AIM OF THE TASK → Repeat every entry exactly. Do not include the pictures.

Start of RECORD EXTRACTS

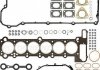Комплект прокладок головки блоку циліндрів BMW 3(E 02-27815-02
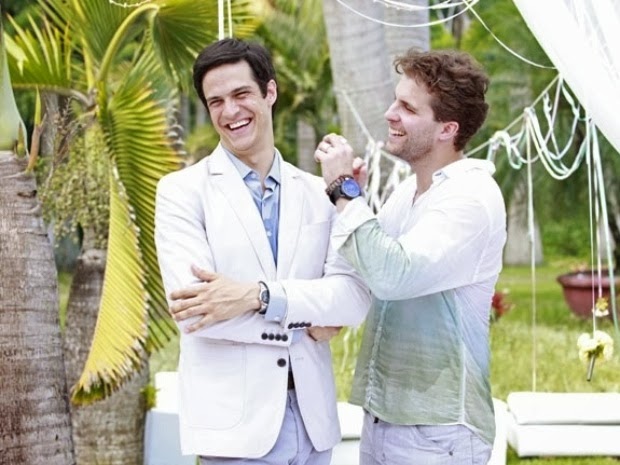 Foto: Reprodução / TV Globo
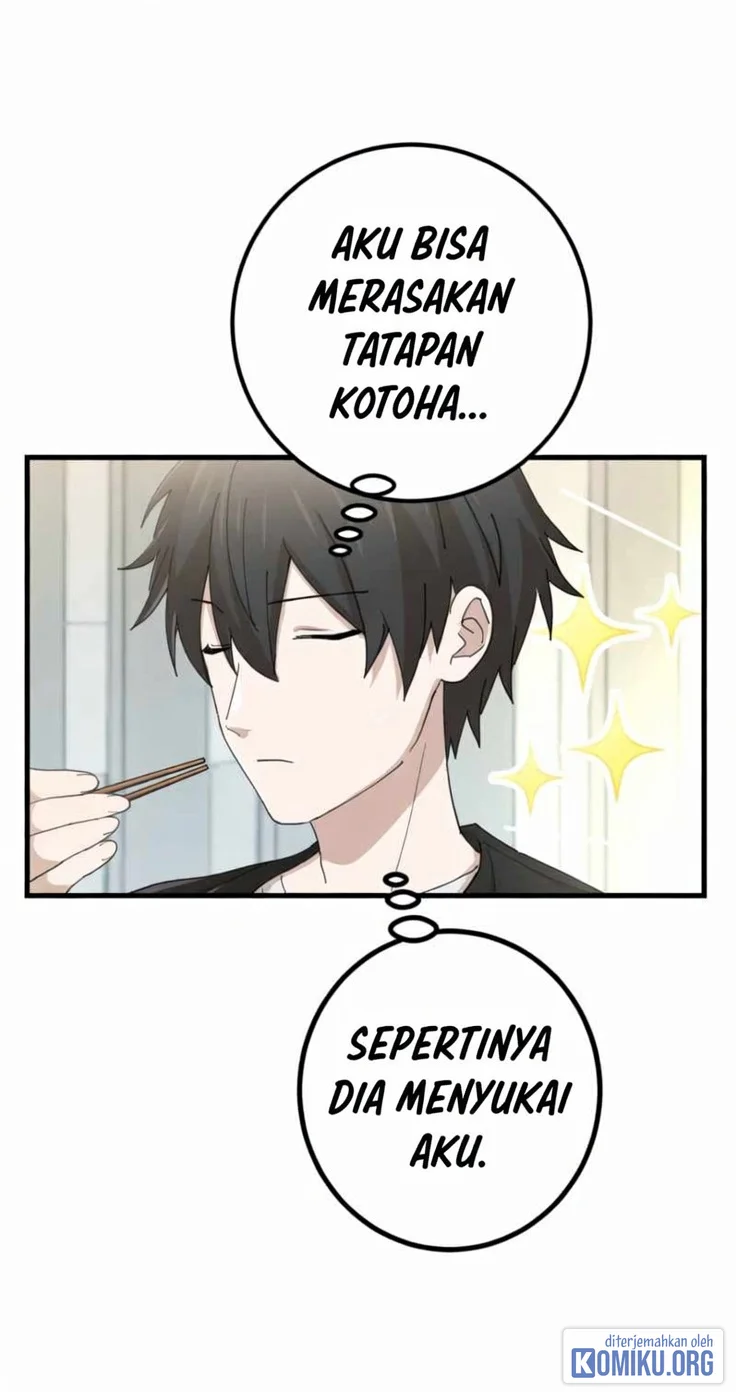 The Reincarnation of the Forbidden Archmage Chapter 158 halaman 46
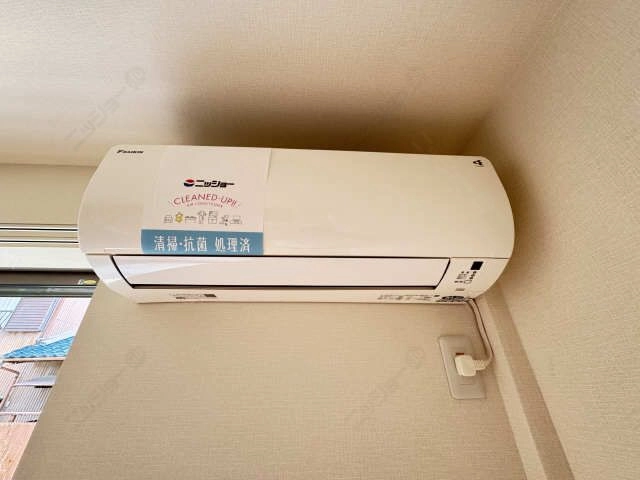 エアコン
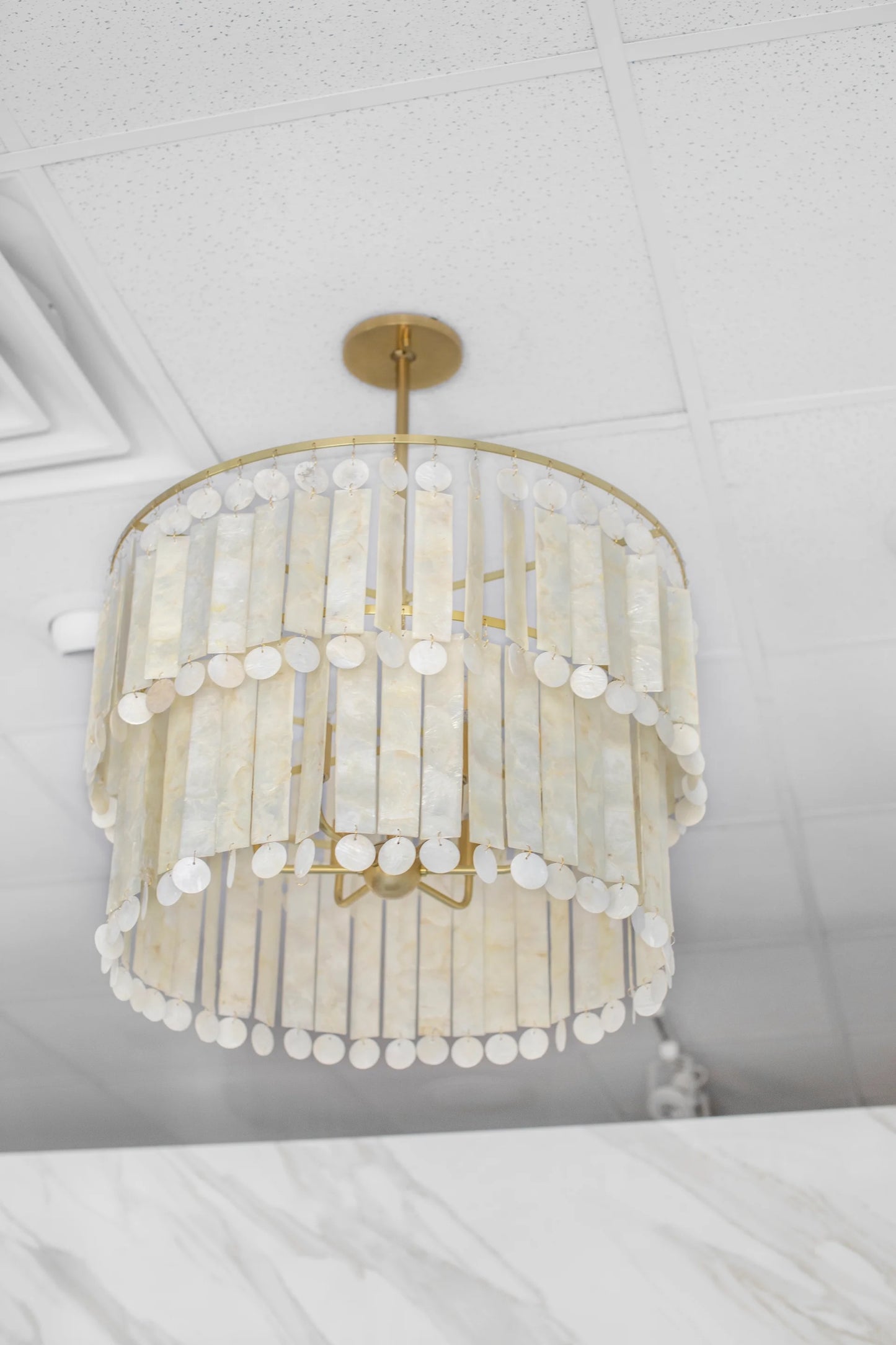Melisa 6 Light Chandelier
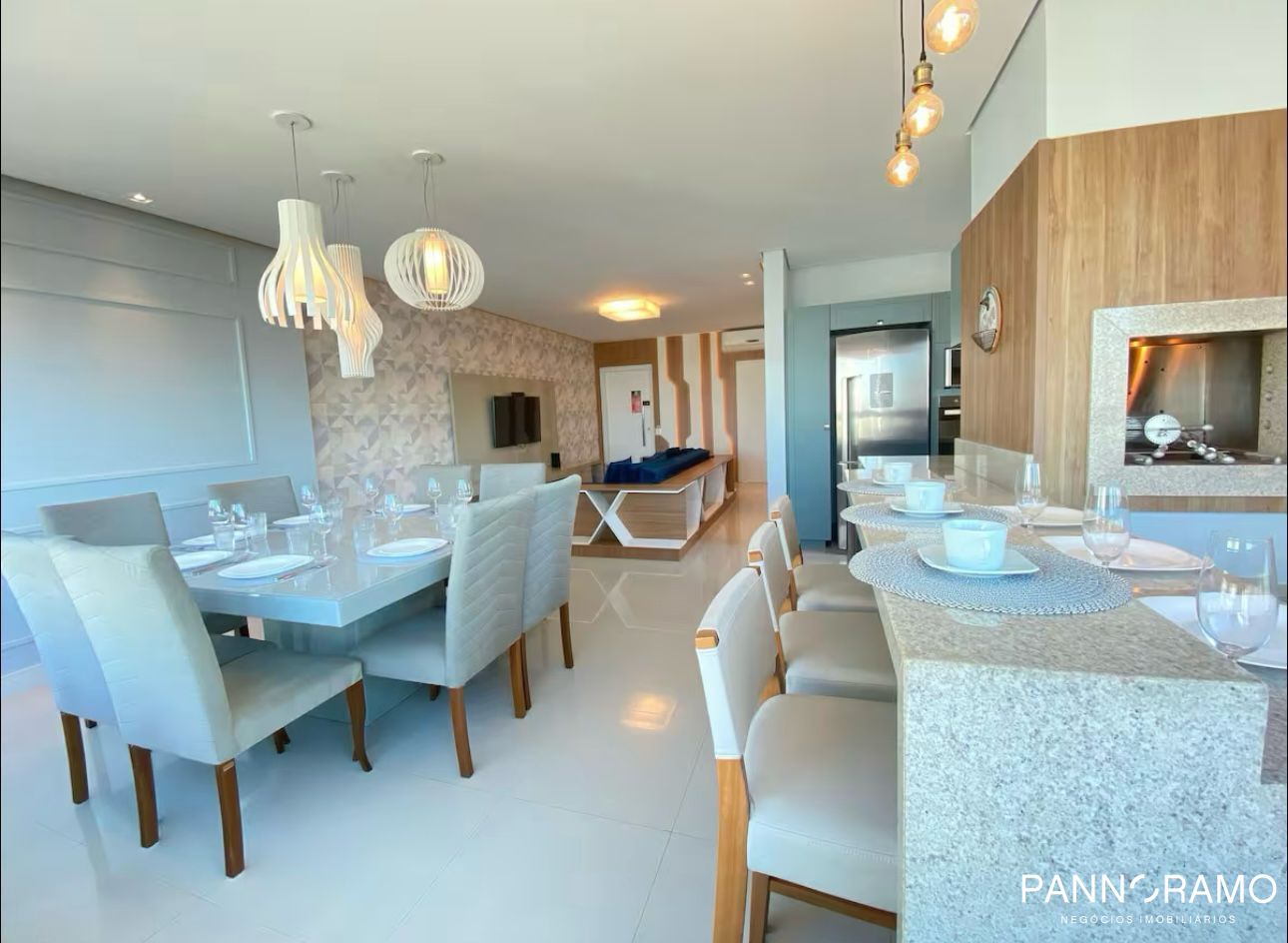 Apartamento, 3 quartos, 118 m² - Foto 3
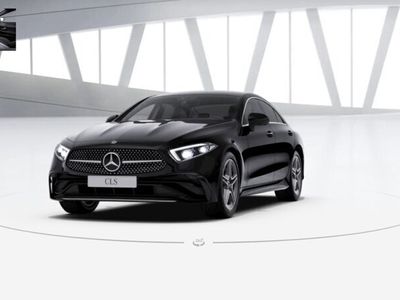 usata Mercedes CLS300 d mhev Premium 4matic auto nuova a Brunico/Bruneck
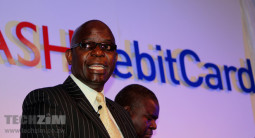 Exclusive: EcoCash CEO, Cuthbert Tembedza, leaving Econet Wireless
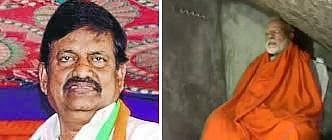 மோடியின் தியானத்துக்கு சக்தி அளிக்கவே கருத்துக் கணிப்புகள்: கே.எஸ்.அழகிரி விமர்சனம்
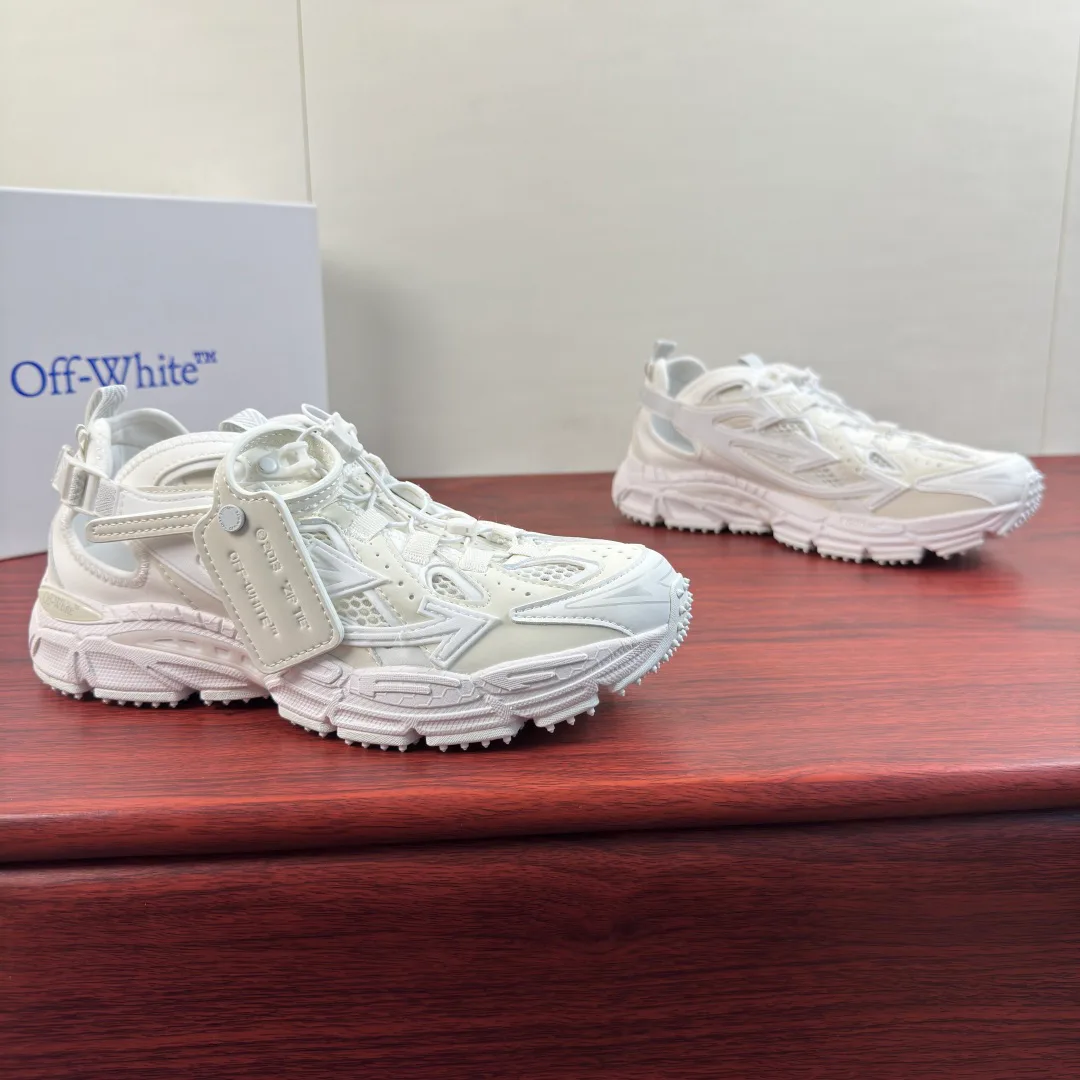 Women's Sneakers OFF-WHITE 17828984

End of RECORD EXTRACTS

EXERCISE RESPONSE →
Комплект прокладок головки блоку циліндрів BMW 3(E 02-27815-02
 Foto: Reprodução / TV Globo
 The Reincarnation of the Forbidden Archmage Chapter 158 halaman 46
 エアコン
Melisa 6 Light Chandelier
 Apartamento, 3 quartos, 118 m² - Foto 3
 usata Mercedes CLS300 d mhev Premium 4matic auto nuova a Brunico/Bruneck
 Exclusive: EcoCash CEO, Cuthbert Tembedza, leaving Econet Wireless
 மோடியின் தியானத்துக்கு சக்தி அளிக்கவே கருத்துக் கணிப்புகள்: கே.எஸ்.அழகிரி விமர்சனம்
 Women's Sneakers OFF-WHITE 17828984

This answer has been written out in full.